After my computer upgrade from a 4 cores, 4 threads CPU with 32GB RAM to a 12 cores, 24 threads CPU with 64GB of RAM how this changes my daily number crunching work as a Social Media Analyst.
I am not a professional hardware reviewer. I only want to get a feeling if and how much faster the new build is for my workloads. I already know that the single core performance would be similar and I need to change how I write code in the future to take advantage of the high core and thread count.
I tested the old build with Windows 10 and the new build with Windows 10 and with Ubuntu 18.04 because Linux seems to be better at utilizing more cores.

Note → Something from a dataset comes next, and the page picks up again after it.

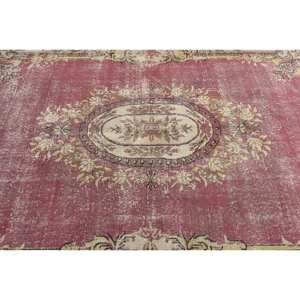 Vintage 5,9x9,8 pies púrpura Beige lana plana tejido alfombra diseño de retazos turcos para decoración para sala de estar 4m de ancho con respaldo de látex - Product Image 5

Let’s start with the main reason for the upgrade. Gephi. It’s a wonderful tool for network analysis. I use it quite often and wrote multiple articles about it. While it’s quite efficient, the bigger a network is, the more RAM it needs. If a network is too big, you have to choose which parts you want to analyze and reduce it accordingly. To not run into this problem that often, I upgraded to 64GB of RAM. Some of the calculations in Gephi can use multiple cores, while others are single-threaded.
For this test, I used a Twitter Follow-Network (127k nodes, 31M edges) from a recent project. This gives me results that are close to reality, but at the same time not standardized and hard to compare. But there are already enough synthetic benchmarks out there. I am more interested in real world performance.
GDFs are easy to create and have a small footprint. They are like two CSVs merged into one. First part nodes, second part edges. The test file has nearly 32 million lines. Surprisingly the seven year old 4670k with a slower SSD and slower RAM was nearly 30% faster than the Ryzen 3900X.
ForceAtlas2 is a layout algorithm which calculates the position of nodes in a network. It is optimized for multiple cores. As a result the 3900X was able to do nearly two times as many iterations as the 4670k.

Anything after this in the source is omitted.